Leitsatz
Der Rechtsgrund für eine Erstattung von Umsatzsteuer wird auch dann im insolvenzrechtlichen Sinne bereits mit der Leistung der entsprechenden Vorauszahlungen gelegt, wenn diese im Fall einer nicht erkannten Organschaft zunächst gegen die Organgesellschaft festgesetzt und von dieser auch entrichtet worden sind.
Normenkette
§ 96 Abs. 1 Nr. 1 und Nr. 3 InsO, § 37 Abs. 2, § 73, § 226, § 251 Abs. 3 AO, §§ 387 ff. BGB, § 241 Abs. 1 ZPO
Sachverhalt
Im Streitfall ging es um die Befugnis des FA, nach Eröffnung des Insolvenzverfahrens mit einer Haftungsforderung gegen einen steuerlichen Erstattungsanspruch der Insolvenzschuldnerin aufzurechnen.
Der Kläger ist Insolvenzverwalter der GmbH, über deren Vermögen im Dezember des Streitjahres 2011 das Insolvenzverfahren eröffnet wurde. Ende Dezember 2011 meldete das FA Umsatzsteuerforderungen für September 2011 sowie die Umsatzsteuer-Jahressteuer 2011 i.H.v. insgesamt ca. 51.000 EUR zur Insolvenztabelle an. Der Kläger bestritt die Forderungen und wies darauf hin, dass nach seiner Einschätzung zwischen der GmbH und dem Einzelunternehmen B eine umsatzsteuerliche Organschaft mit der GmbH als Organgesellschaft bestehe. Das FA erließ gleichwohl entsprechende Feststellungsbescheide nach § 251 Abs. 3 AO.

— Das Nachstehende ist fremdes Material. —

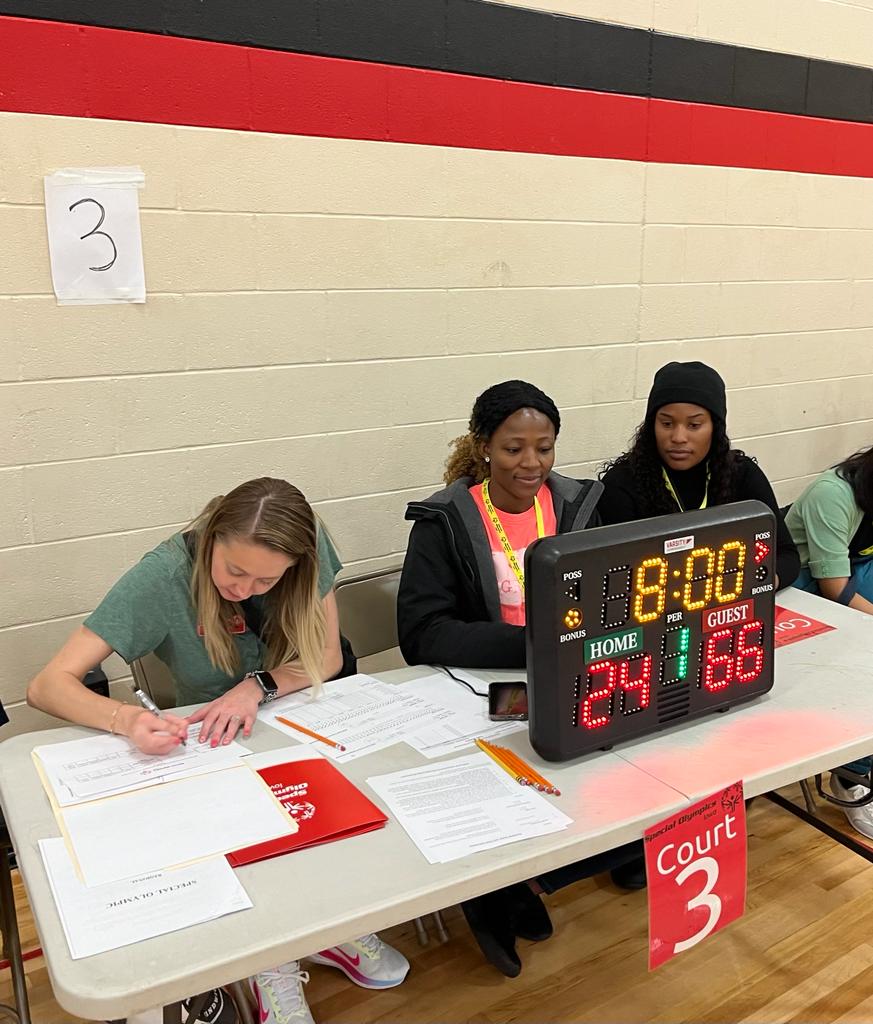 Kirkwood Participants Keep Score and Facilitate a Special Olympics Basketball Tournament and Sports Clinic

Später folgte das FA dieser Einschätzung und hob die zuvor erlassenen Feststellungsbescheide wieder auf.
In der Folgezeit machte das FA P (Betriebsstätten-FA des Organträgers B) die GmbH für die von B nicht entrichtete – aus der Organschaft herrührende – Umsatzsteuer nach § 73 AO i.H.v. ca. 276.000 EUR haftbar und meldete jenen Betrag zur Insolvenztabelle an.
Das FA verrechnete sodann durch Umbuchungsmitteilung vom 30.5.2014 die von der GmbH für 2011 bereits gezahlte Umsatzsteuer i.H.v. 122.212,81 EUR mit der vom FA P angemeldeten Haftungsschuld, soweit sich diese auf die von dem Organträger für Oktober und November 2011 geschuldete Umsatzsteuer bezog.
Mit dem streitgegenständlichen Abrechnungsbescheid bestätigte das FA die Verrechnung. Einspruch und Klage blieben ohne Erfolg (Thüringer FG, Urteil vom 16.3.2017, 1 K 512/15, Haufe-Index 11663797, EFG 2018, 1009). Hiergegen richtet sich die Revision des Klägers, der sich auf das Aufrechnungsverbot nach § 96 Abs. 1 Nr. 1 InsO beruft.
Entscheidung
Der BFH hat die Revision aus den unter den Praxis-Hinweisen dargestellten Gründen als unbegründet zurückgewiesen.
Hinweis
Gegenstand des Streitfalls ist ein Abrechnungsbescheid. Dabei geht es um die Frage, ob das FA als Insolvenzgläubiger aufrechnen konnte oder ob dieser Aufrechnung § 96 Abs. 1 Nr. 1 InsO entgegenstand.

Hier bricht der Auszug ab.